Bahagia Adalah Hak Semua Orang, Termasuk Para Penyintas Bencana
ANAK PENGUNGSI: Sejumlah anak-anak pengungsi sedang mengikuti permainan edukatif bersama penyuluh dari Kementerian Sosial RI di Posko Pengungsian Desa Konga, Kab. Flores Timur, NTT, Kamis (7/11/2024). --
Ada yang beranggapan bahwa kebahagiaan anak di tengah bencana itu adalah hal biasa, karena mereka tidak mengerti apa yang sesungguhnya terjadi. Padahal sesungguhnya tidak demikian, karena sejatinya orang dewasa juga berhak bahagia. Bahagia adalah hak semua orang.
Posko pengungsian tidak membuat para pengungsi dewasa menjadi pengangguran. Setiap harinya, ada saja agenda yang dilakukan untuk mengisi waktu dengan kegiatan yang bermanfaat.
Setiap pagi, para pengungsi umumnya melakukan senam pagi bersama, sebelum nantinya mereka pergi melanjutkan aktivitasnya.
Bagi kaum perempuan, sebagian besar terlibat dalam kepengurusan dapur umum, demi memastikan hajat para pengungsi lainnya juga terpenuhi.
Momentum memasak bersama, sembari bercengkerama, merupakan momen yang tidak bisa terlupakan bagi mereka. Sebab, mereka bisa tetap bersosialisasi sambil melakukan kegiatan yang produktif, hingga mereka bisa melupakan bencana yang menimpa.

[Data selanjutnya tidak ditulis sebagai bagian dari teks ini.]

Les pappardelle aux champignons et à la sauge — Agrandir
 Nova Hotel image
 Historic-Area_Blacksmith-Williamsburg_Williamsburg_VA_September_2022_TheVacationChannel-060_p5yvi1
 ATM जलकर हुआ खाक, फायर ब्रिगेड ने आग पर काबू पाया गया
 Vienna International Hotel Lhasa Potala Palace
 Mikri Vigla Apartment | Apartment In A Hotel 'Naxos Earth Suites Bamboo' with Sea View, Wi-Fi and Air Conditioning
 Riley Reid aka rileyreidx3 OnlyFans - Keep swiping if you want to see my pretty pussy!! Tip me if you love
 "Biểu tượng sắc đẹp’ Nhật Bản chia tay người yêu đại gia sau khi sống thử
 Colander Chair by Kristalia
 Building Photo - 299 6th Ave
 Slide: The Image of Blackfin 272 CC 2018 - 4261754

Bagi kaum laki-laki, umumnya mereka beraktivitas sebagaimana biasanya. Namun, hiburan sebenarnya baru dimulai, kala rembulan memancarkan sinarnya.
"Tes, satu, dua, tiga," terdengar dari pengeras suara. Dengan suara yang bulat, khas pria asal Indonesia bagian Timur, seolah menjadi aba-aba bahwa hiburan bagi kaum laki-laki akan dimulai.
Perlahan, terdengar alunan musik khas Indonesia bagian Timur mulai diputar. Satu orang mulai menyanyi, seakan-akan mengundang pengungsi lainnya untuk ikut menyumbang suara.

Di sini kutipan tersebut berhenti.